Lauralee Brown, a local homeowner of a wooded property near Twain Harte, shares how one of her tenants called her after, literally, experiencing a close shave this past Friday morning, compliments of a cedar tree. Brown describes her property on South Fork Road as located about a mile and a half from the Twain Harte post office, heading towards Brentwood Lake. Recounting heading out there to check out the damage. “What I saw was…the top where about a half of a cedar tree that had flown off…pierced the roof of my cottage – I have a main house and a cottage — it came straight through.”
Shuddering, she continues, “The tenant was sitting about three feet inside of the cottage… He was not injured, thank God. But the problem right now is I have had all my trees looked at. None of them that are falling – and this is the second one within a week — were marked. [The professionals] said everything was fine, but obviously they are not. These are two [freshly downed trees] that were not marked.”

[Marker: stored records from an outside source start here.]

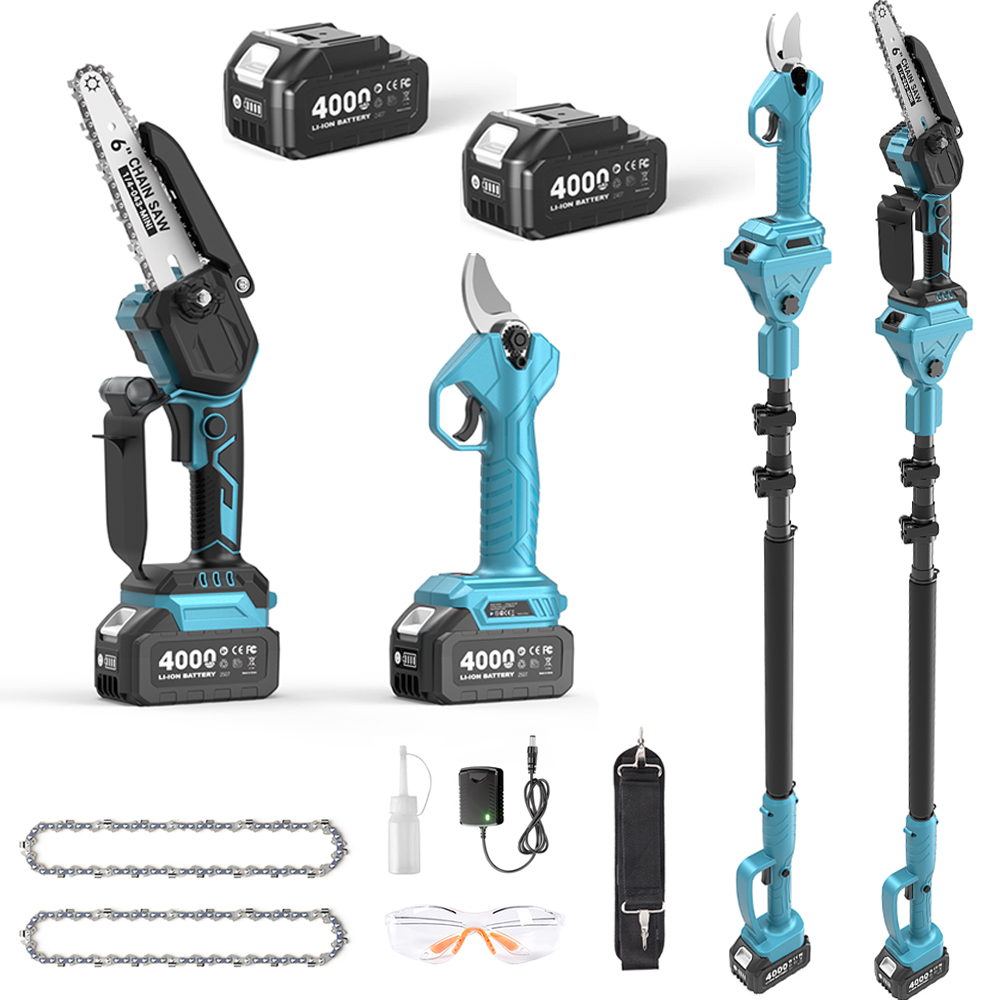 Electric Chainsaw Battery - タスクスター 3-in-1 ブラシレスポールプルーナー＆6インチコードレスチェーンソー 30mm電動ハサミ マルチアングル調整可能なポールソー 高枝剪定用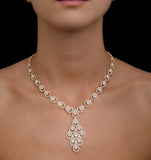 Diamond Necklace Pyrus Chandelier 12.60ct H/si Diamonds 18k Rose Gold
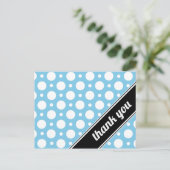 ブルー&ホワイト水玉模様サンキューポストカード ポストカード (スタンド正面)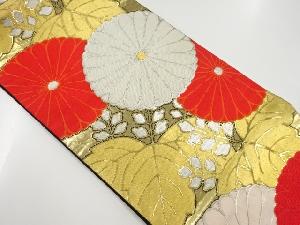 アンティーク　菊・桐模様織り出し袋帯（材料）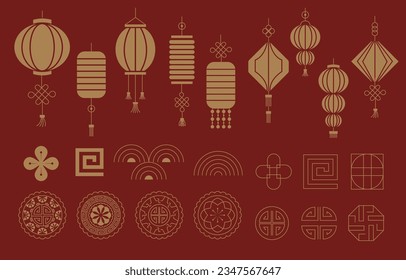 Gold red Chinese New Year element with lantern,pattern,moon cake outline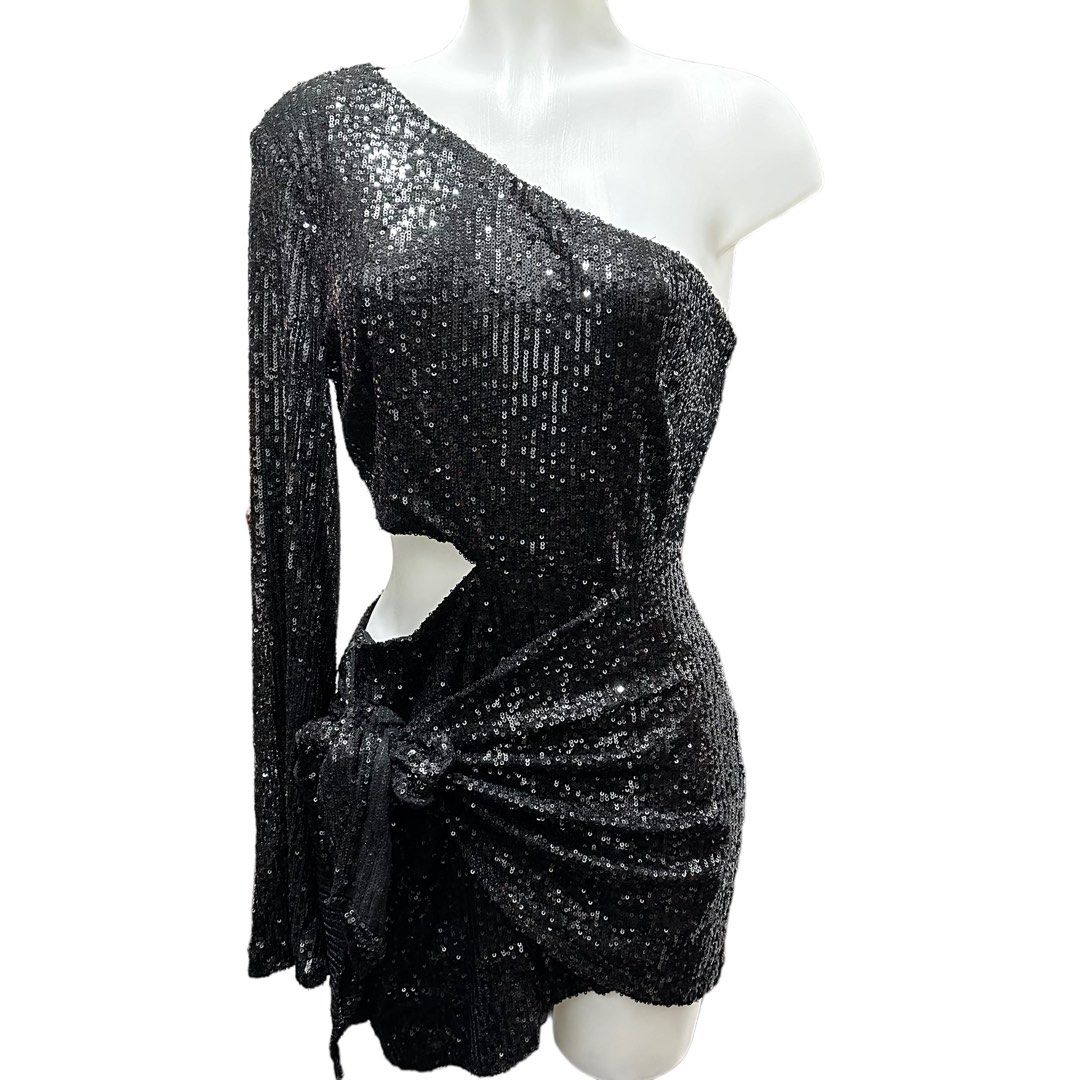 BRAND NEW FASHION NOVA sequin dress longsleeve sexy prom club party event sparkly  glitter black, Women's Fashion, Dresses & Sets, Evening dresses & gowns on  Carousell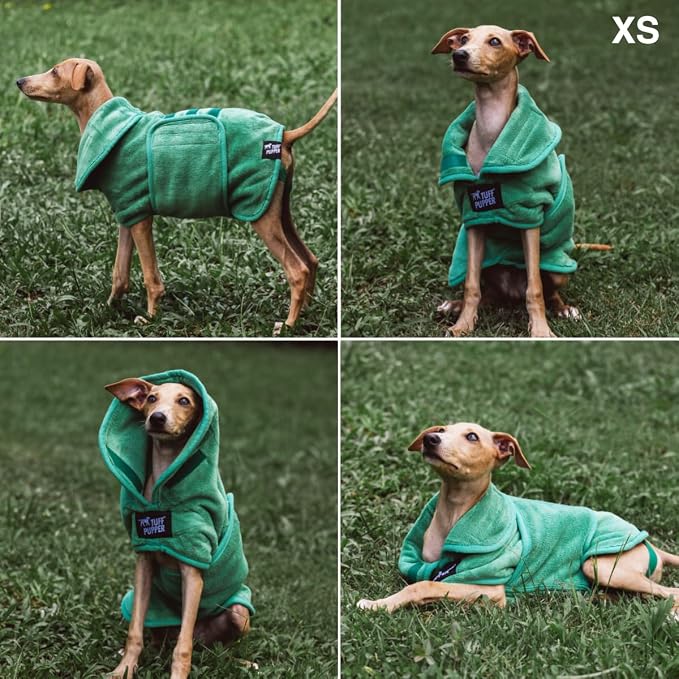 Tuff Pupper Fast Drying Dog Bath Robe | 800 GSM Plush Dog Towel Bathrobe/Dressing Gown | Super Absorbent Pet/Puppy Bathrobe | Adjustable Hood & Belly Strap | Super Soft | Fast Drying (XS, Green)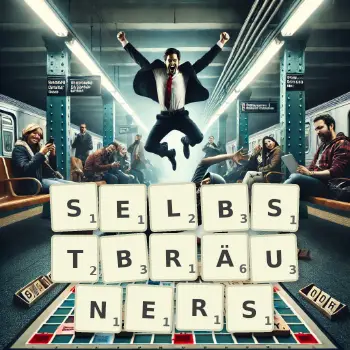 Kreative Illustration für ein Scrabble-Spiel, bei dem das Wort SELBSTBRÄUNERS mit Steinen auf dem Brett gelegt wurde.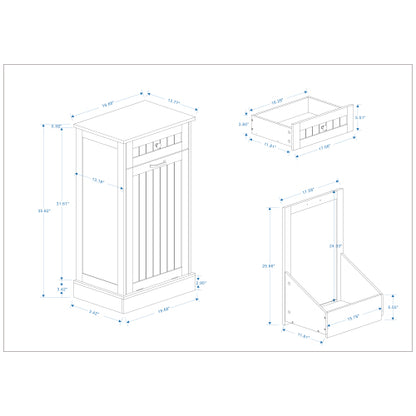 Ausklappbarer Müllschrank mit einer Schublade und einem Fach, Küchen-Müllschrank, Schwarz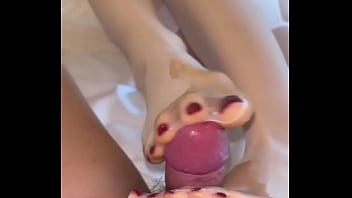 Lovable young nurse wearing milky silk sleeve JJ footjob wrung sperm, milky silk ripped fuck-hole hard-on jammed into stockings, soles of soles rubbin' glans, footjob all shot into pantyhose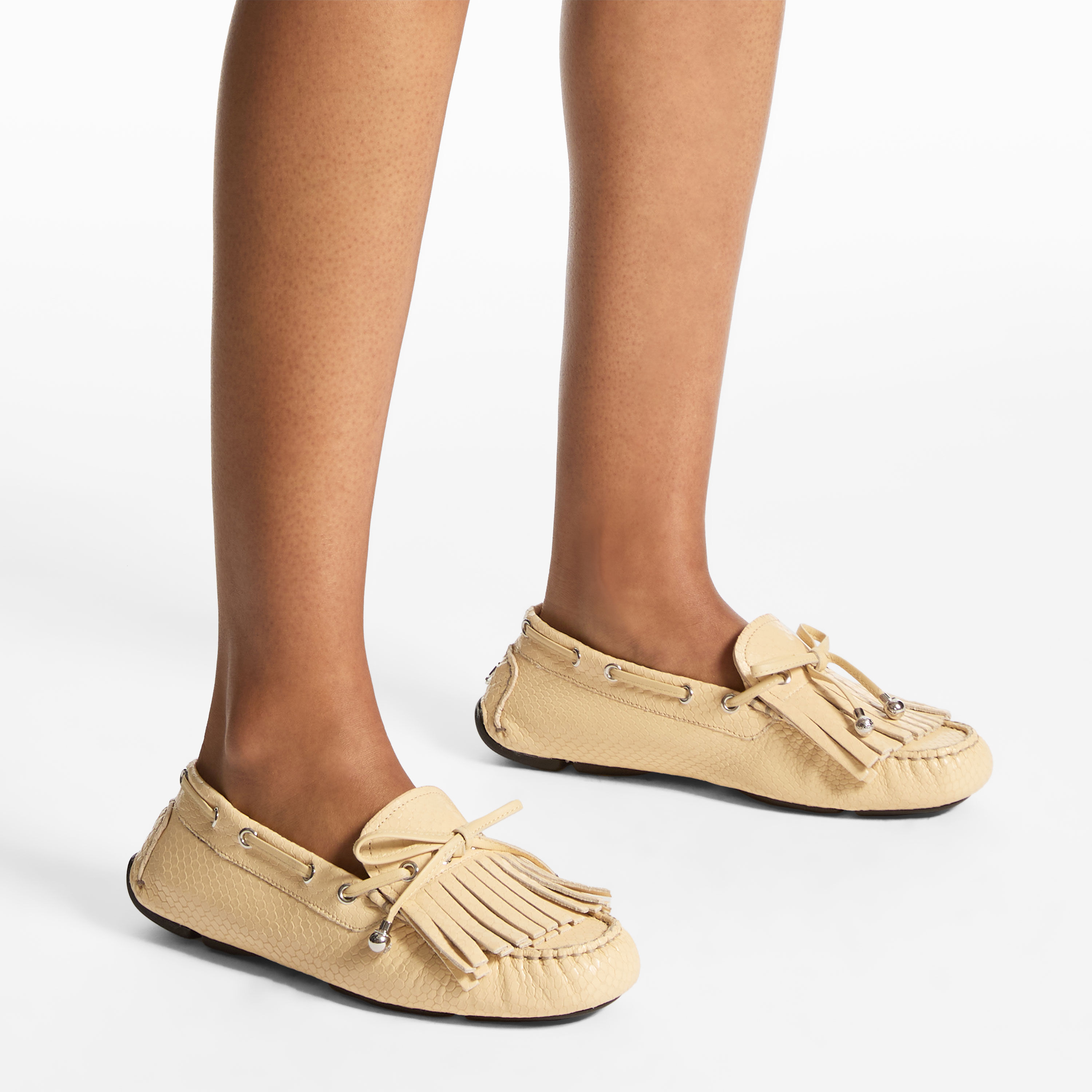 Manon F | Corn Elaphe Printed Leather Loafers | JIMMY CHOO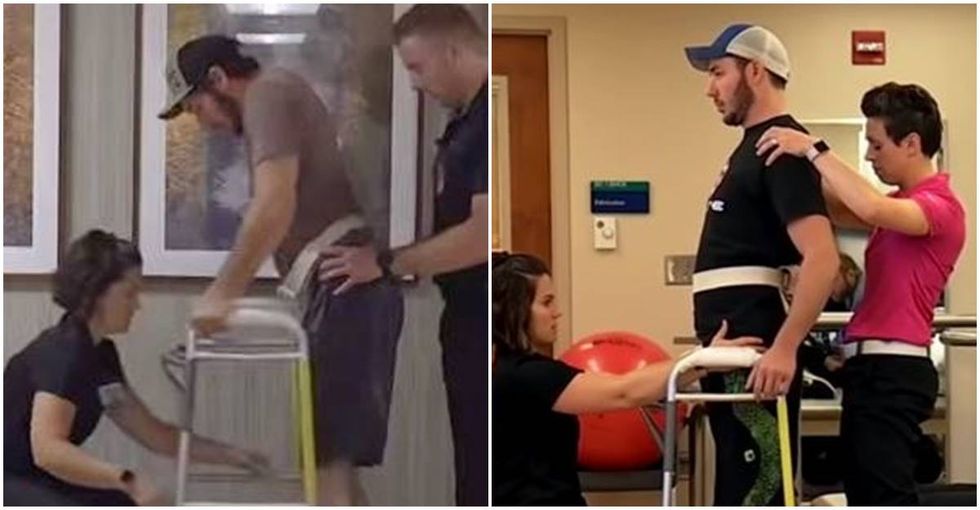 A young paralyzed man just walked again after having an electrode implanted in his back.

Smaller Cedars Snapping Off
The other one — also a cedar — that fell a few days ago, crashed through Brown’s carport. As she was arriving to check out that damage another tree — again, a cedar — fell on a property across the street from her property into a transformer. She remarks she was told that bark beetles are known to attack pines and that her cedars were not at risk. Brown is clearly worried about the multiple trees around her property within striking distance of structures that might only appear to be all right. She also notes the beginnings of a mudslide around a large tree anchoring the hill by the already impacted cottage that now looks ready to fall.
As those with homeowners’ policies are able to do, Brown filed a claim with her insurance agency. Being in a fire hazard area, she emphasizes that it was not easy to obtain that coverage. She also called county to see what potential resources she might be able to tap. Considered low-income even though she is a homeowner, she notes that she has two other tenants on her property, one who is disabled.
As reported here, tree-felling assistance for elderly, low-income and disabled landowners is available through a multi-agency effort. As reported here, Tuolumne County government officials have recently secured additional monies earmarked to help private homeowners through a CAL Fire grant. Brown says she is grateful for whatever she might be able to qualify for and hopes the application processes will not be cumbersome. After all, she points out, “I need help now — and I do not know what I would do if I did not have these resources potentially available.”